Jeremy Douglas, who oversees the region for the United Nations Office on Drugs and Crime, said there was no way many of these groups and militias were not profiting off that trade, whether by producing or trafficking or simply taxing the traffic that passes through their fiefs.

“Moving shipments in any direction from Shan to Thailand or Laos requires trafficking from or through territories of different groups, and it is impossible they are in the dark and not making money one way or another,” he said. “They all deny involvement and point at the others — impossible.”

Douglas said the vast profits Myanmar’s rebel groups and militias earn off the drug trade are surely helping to fuel the post-coup fighting, as it has for decades.

"Drugs are by far the largest source of income for militias and armed groups in Shan, and they have been and continue to be a way to pay for guns, soldiers and conflict,” he said.

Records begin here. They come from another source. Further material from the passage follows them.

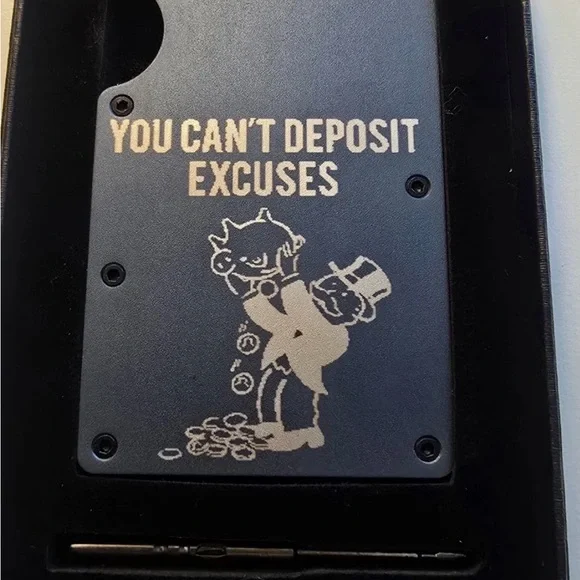 Better Than The Ridge Wallet with Cash Strap - Blue Monopoly Quote, BRAND NEW!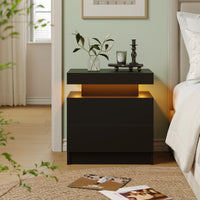 Cubehom LED Nightstands with 2 Drawers, End Table with RGB LED Lights for Bedroom Living Room, White Bedside Table - Buy online at  Vibe In Cart.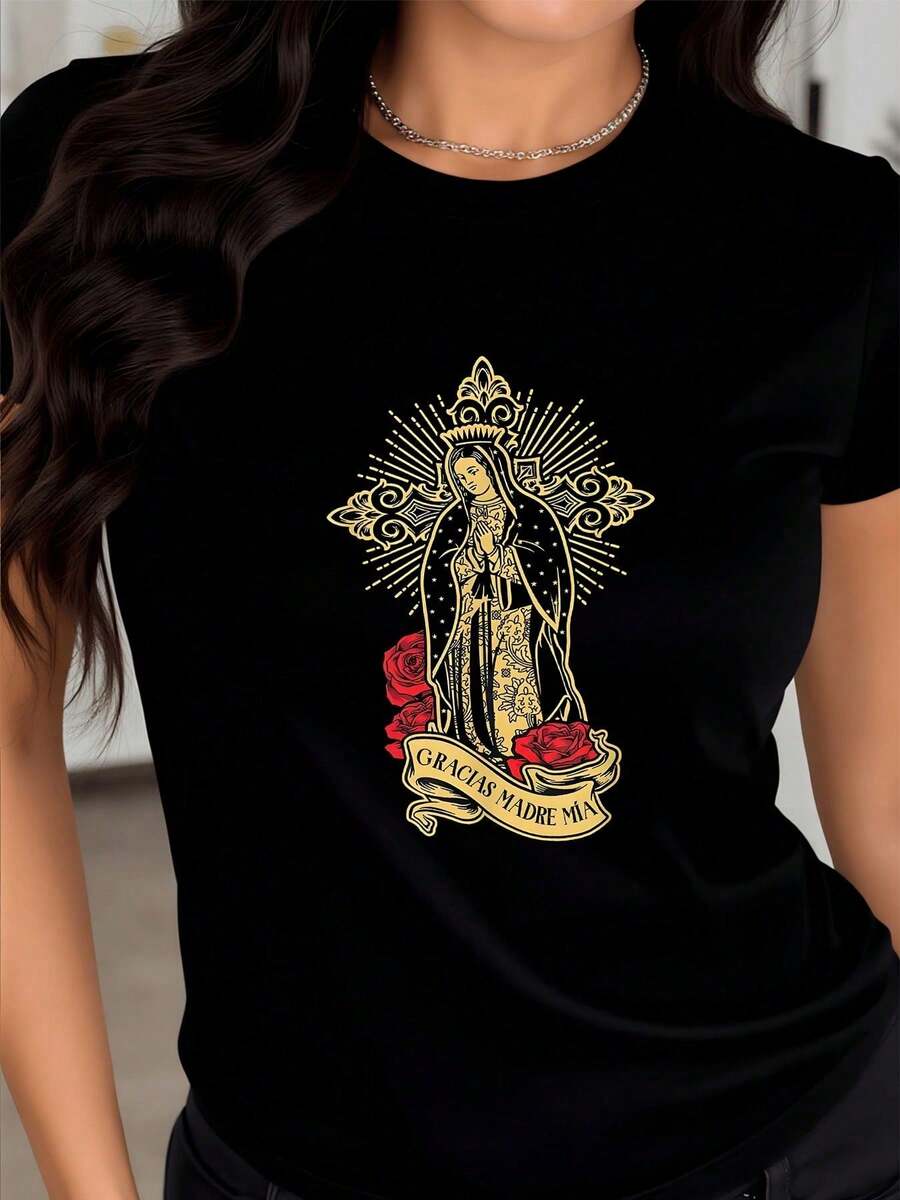 Fashionable Sacred Image Of The Virgin Mary Surrounded By Golden Rays And Red Roses, A Symbol Of Faith, Gratitude, And Hope. Women's T-Shirt, 100% Soft And Comfortable Cotton. - 黑色 - 查看 1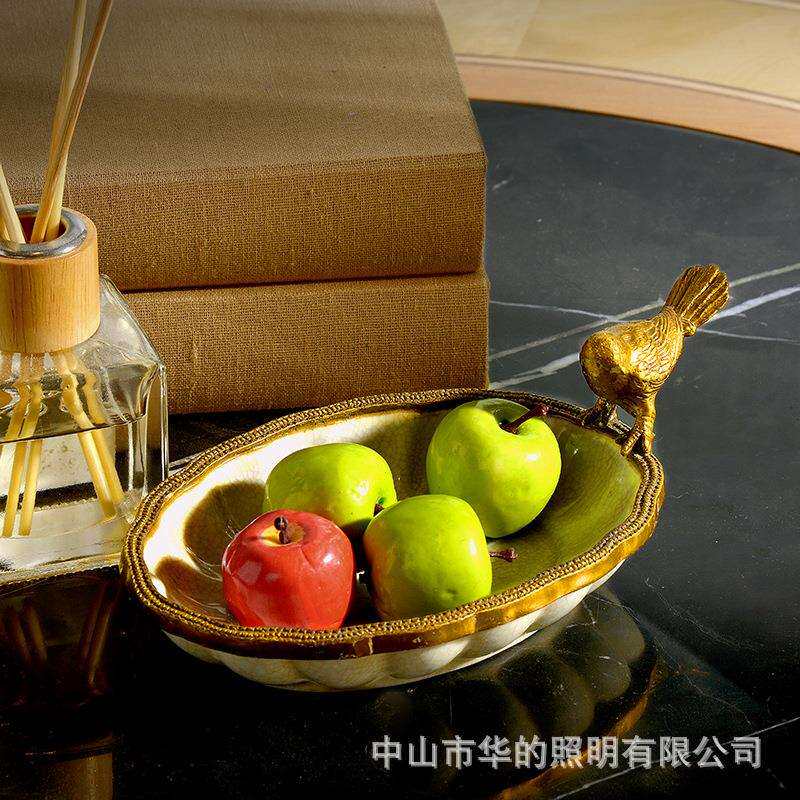 欧式勺子造型陶瓷水果盘美式镶铜茶几摆件客厅餐桌创意家居果盘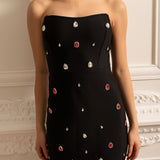 Kırmızı ve Beyaz Mücevherli Süslemeli Fitted Mini Elbise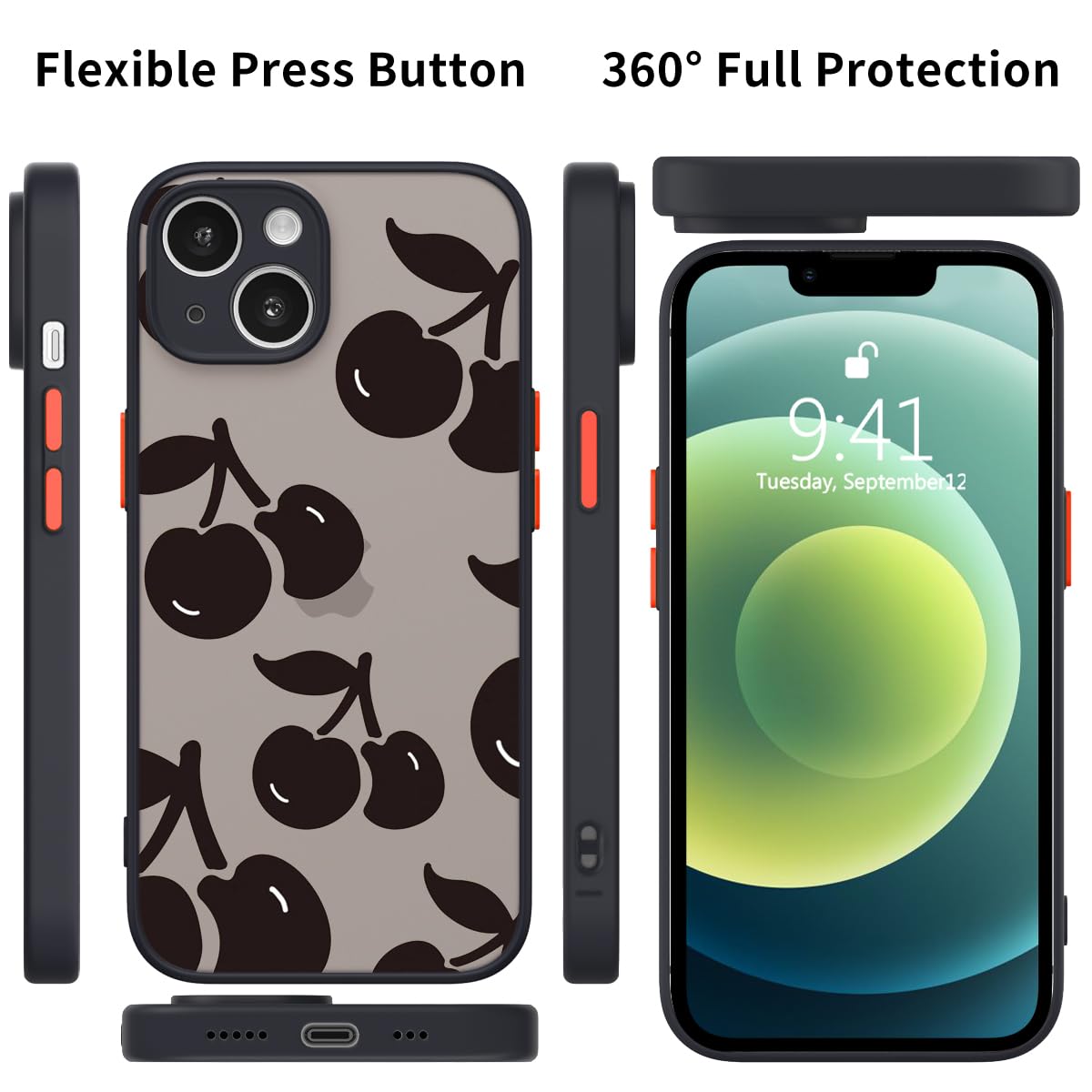 Amazon.com: JOYLAND Cool Black Cherry Pattern Matte Phone Case for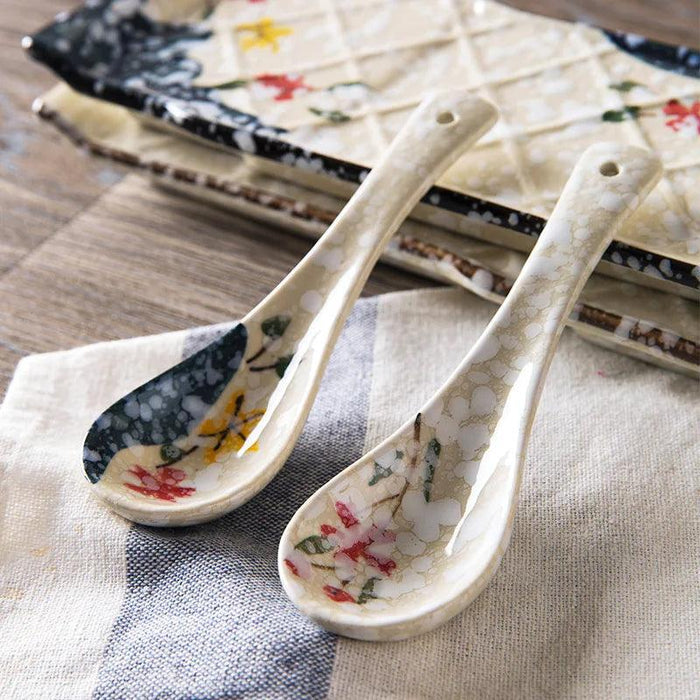 Kids' 14cm Delightful Japanese-Inspired Ceramic Spoon for Mealtime Magic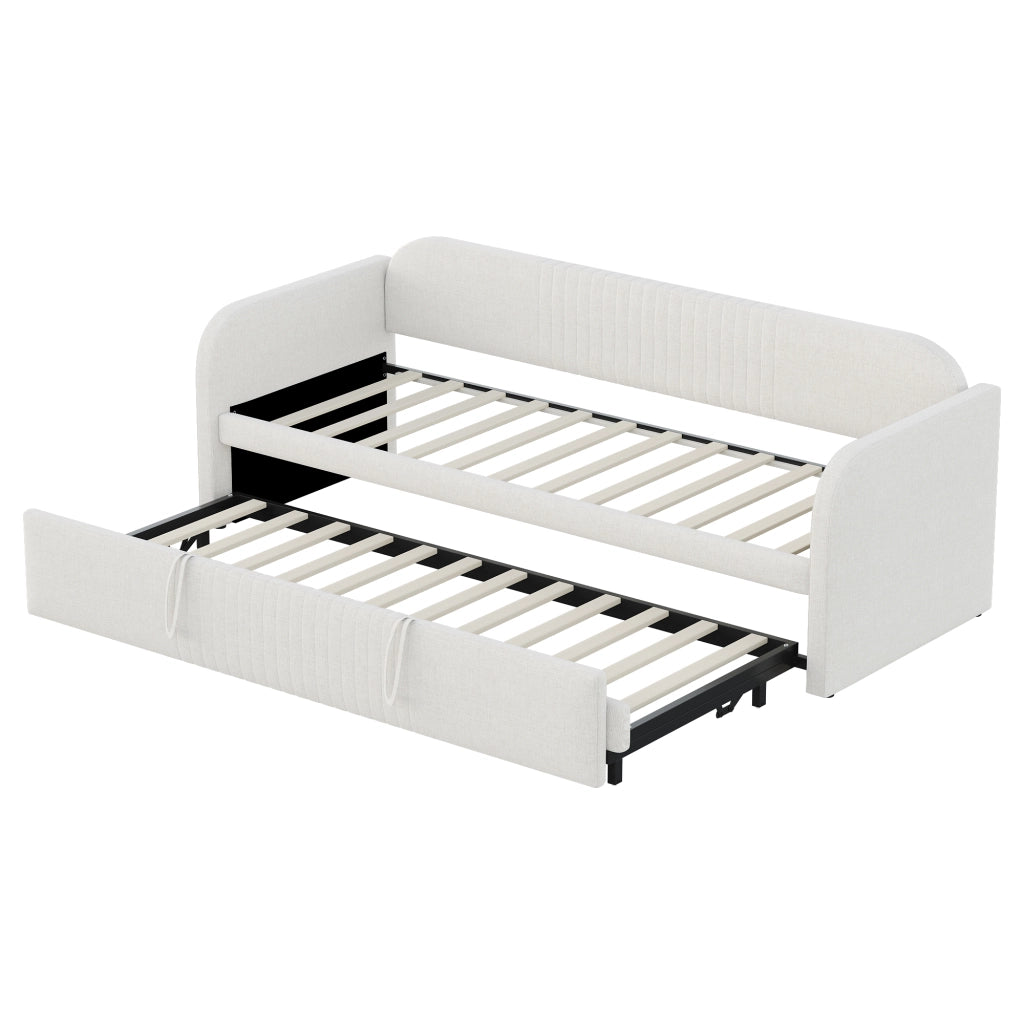 Letto imbottito estraibile singolo 90×190 cm e 180×190 cm con rete; senza materasso; tessuto; beige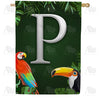 America Forever Tropical Birds Monogram House Flag
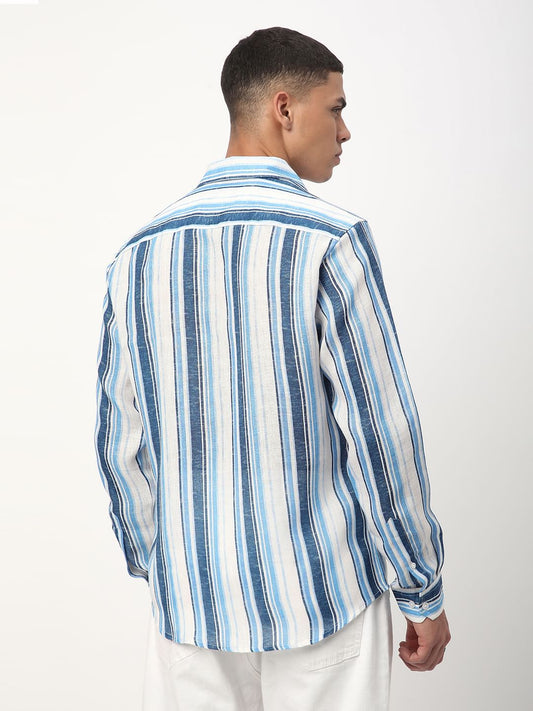 Voguish Azure Blue Striped Shirt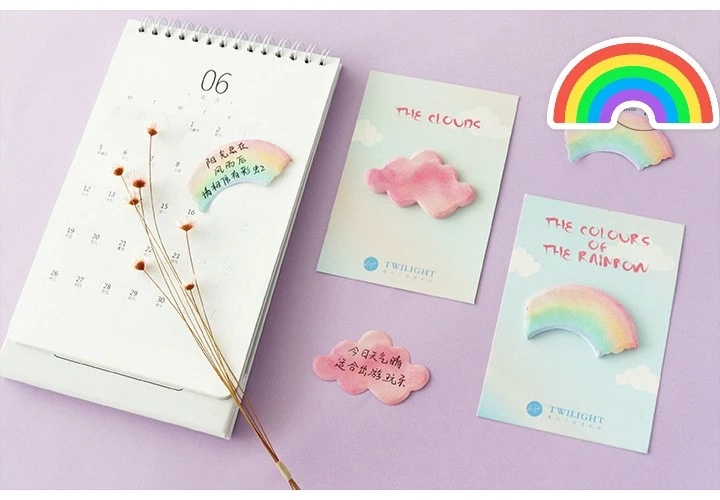 Rainbow and Cloud Shape N Post Sticky Notes Paper Pad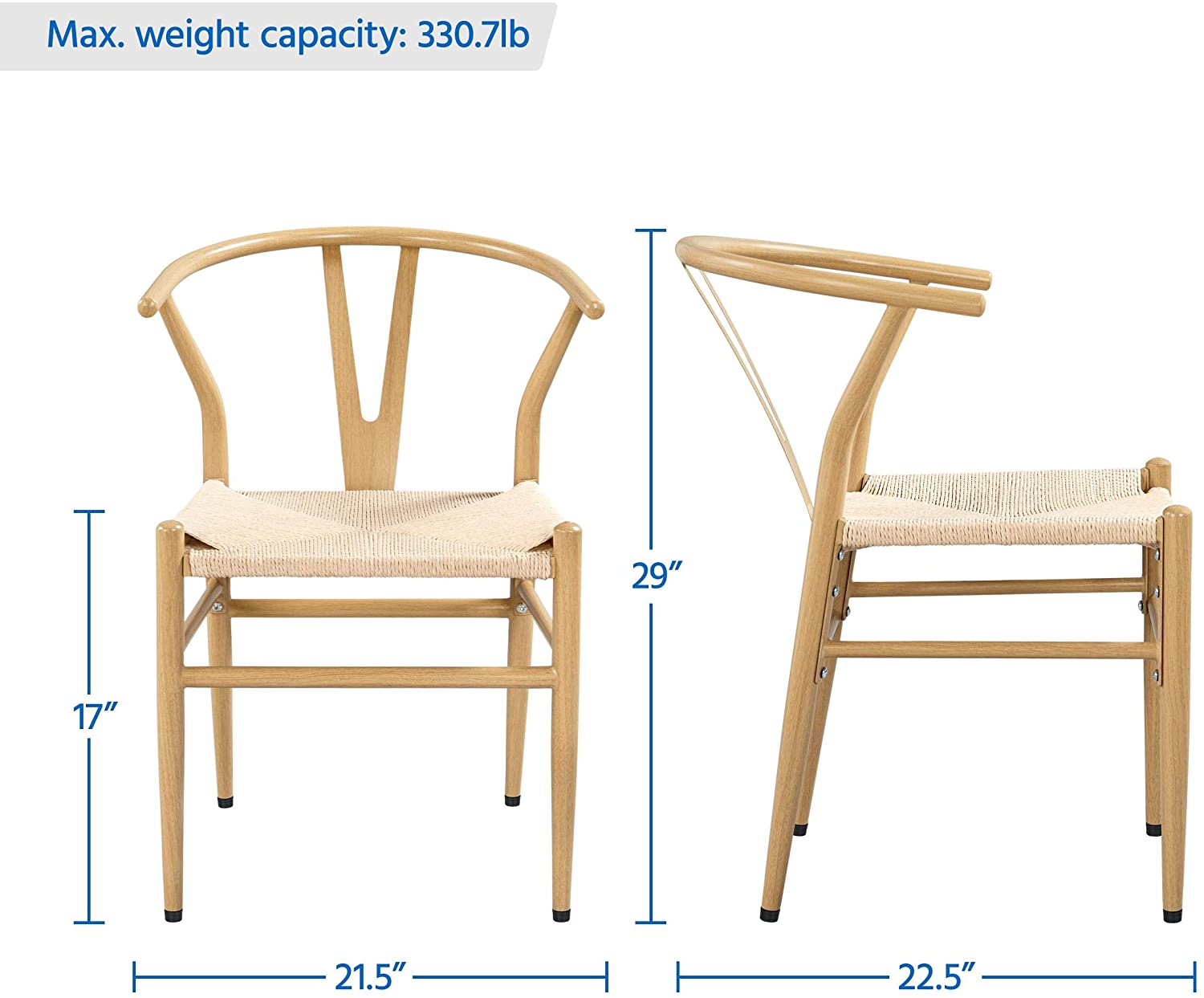 Bistro Wishbone Chairs - Set of Two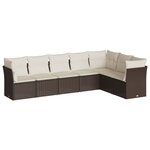 vidaXL Salon de jardin avec coussins 7 Pièces marron résine tressée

‘An absolute game changer’

Even so, the resistance forces now aligned against the junta remain heavily outgunned. An arsenal of portable surface-to-air missiles in particular could help them put a major dent in the military’s air power, said Richard Horsey, a Myanmar analyst and senior adviser to the International Crisis Group, a think tank.

“Anyone who is currently in active conflict with the Myanmar military would find MANPADS to be extremely useful,” he said of the missiles, also known as man-portable air-defense systems.

After more than a year of fighting, the military has failed to put down a nationwide armed resistance stitched together from a handful of established rebel groups like the KNU and dozens of so-called peoples defense forces whipped up by the coup. With its fleet of fighter jets and helicopter gunships, though, the junta has inflicted deadly damage on contested towns and villages and driven hundreds of thousands of civilians from their homes.

The U.N. has accused the junta of deliberately bombarding civilian populations from both the ground and air in attacks amounting to war crimes and crimes against humanity. The junta claims it is fighting “terrorists” in order to restore peace and stability.

Horsey said the UWSA and some other rebel groups are believed to have a few portable surface-to-air missile systems already.

The UWSA has not joined the post-coup resistance. But the Kachin Independence Army, another rebel group, has, and Horsey said it likely used a surface-to-air missile to shoot down a military helicopter last May.

More of the missiles, he added, could significantly help the resistance both deter more air attacks and make it much riskier for the military to move soldiers and supplies by helicopter to remote areas hard to reach by land.

Deployed in larger numbers, he said, “surface-to-air missiles would be an absolute game changer.”